------ Supplied records
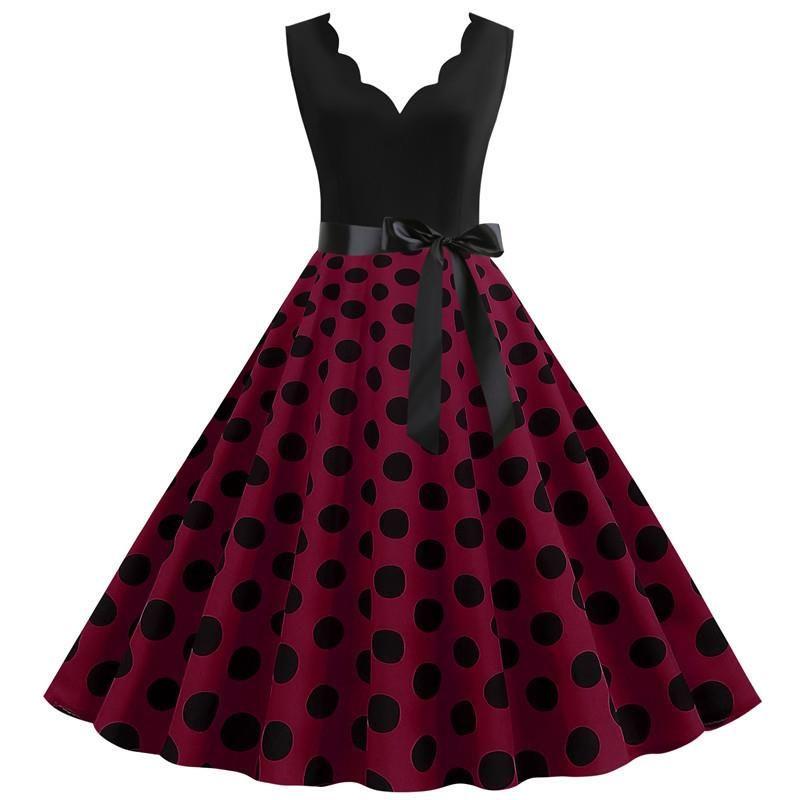

Factory Supply New Fashion Patchwork Polka Dot Print Sleeveless Burnt Polka Dot Print Party Swing Dress JY14721 S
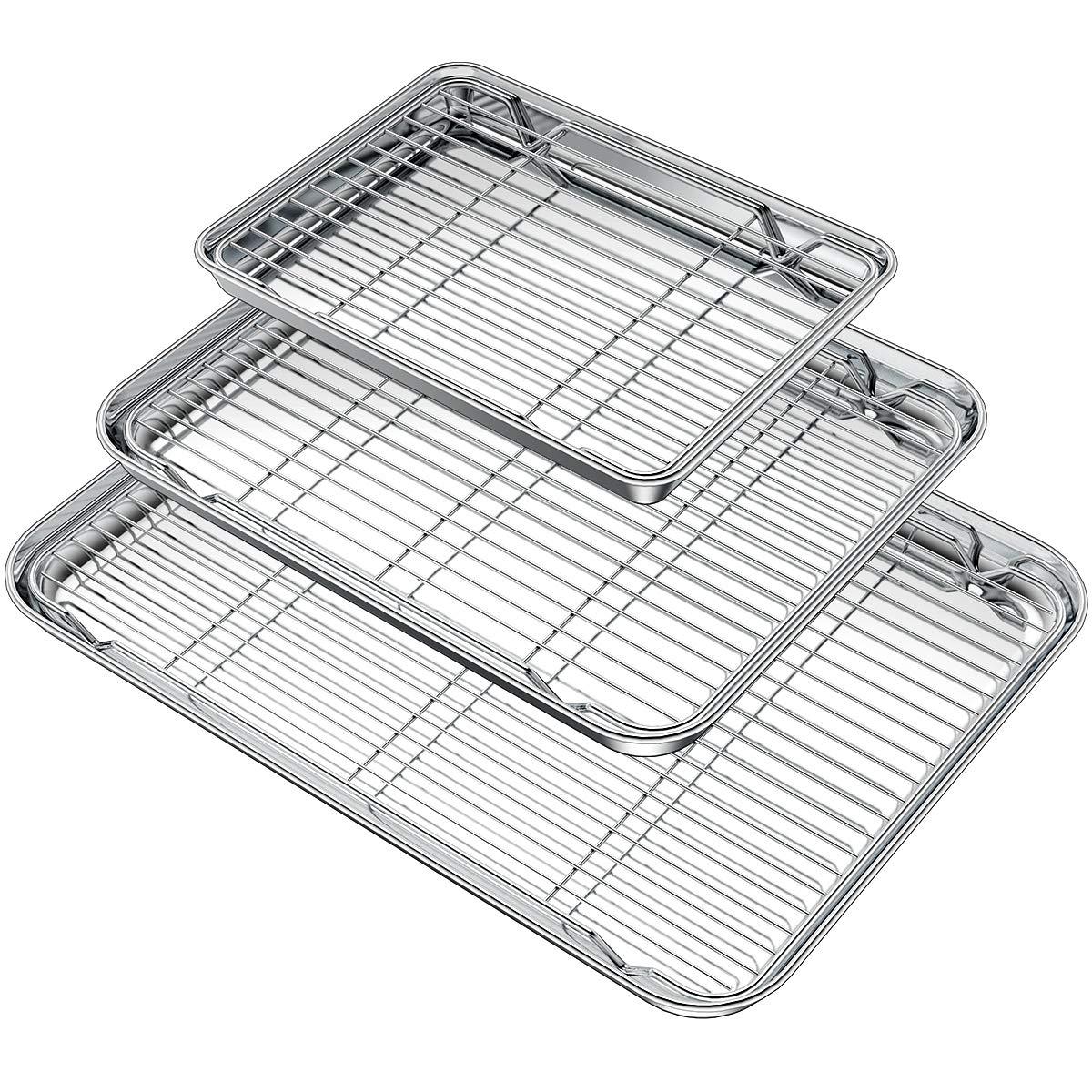 Wildone Baking Sheet with Rack Set (3 Pans + 3 Racks), Stainless Steel Baking Pan Cookie Sheet with Cooling Rack, Non Toxic & Heavy Duty & Easy Clean - CookCave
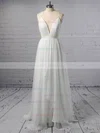Tulle V-neck A-line Sweep Train with Sashes / Ribbons Wedding Dresses #UKM00022975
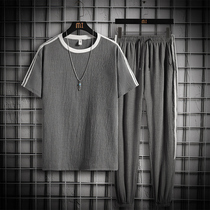 Ice silk short-sleeved T-shirt mens fashion brand loose casual sports suit with summer new linen clothes T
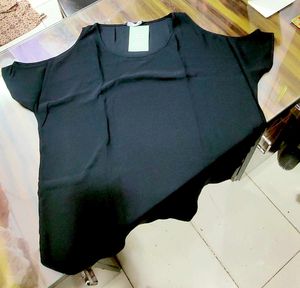 Chic Black Cold Shoulder Top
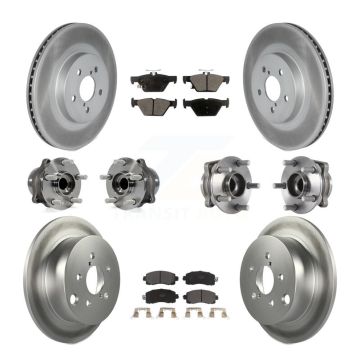 Front Rear Hub Bearing Coat Brake Rotor Pad Kit (10Pc) For 20 Subaru Crosstrek GAS engine KBB-125992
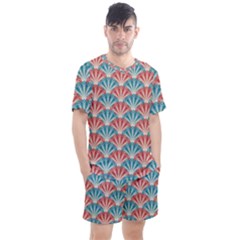 Seamless Patter Peacock Feathers Men s Mesh Tee And Shorts Set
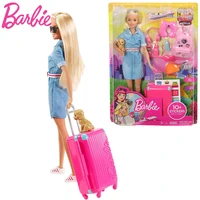 original barbie travel doll toys girls birthday gift childrens toy with 10 accessories fwv25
------------
--- Task instructions ---
Without the pictures, reproduce the entries exactly.

--- Completed exercise ---
Factory Supply New Fashion Patchwork Polka Dot Print Sleeveless Burnt Polka Dot Print Party Swing Dress JY14721 S
 Wildone Baking Sheet with Rack Set (3 Pans + 3 Racks), Stainless Steel Baking Pan Cookie Sheet with Cooling Rack, Non Toxic & Heavy Duty & Easy Clean - CookCave
Tulle V-neck A-line Sweep Train with Sashes / Ribbons Wedding Dresses #UKM00022975
 Ice silk short-sleeved T-shirt mens fashion brand loose casual sports suit with summer new linen clothes T
 Chic Black Cold Shoulder Top
 Front Rear Hub Bearing Coat Brake Rotor Pad Kit (10Pc) For 20 Subaru Crosstrek GAS engine KBB-125992
 Seamless Patter Peacock Feathers Men s Mesh Tee And Shorts Set
 original barbie travel doll toys girls birthday gift childrens toy with 10 accessories fwv25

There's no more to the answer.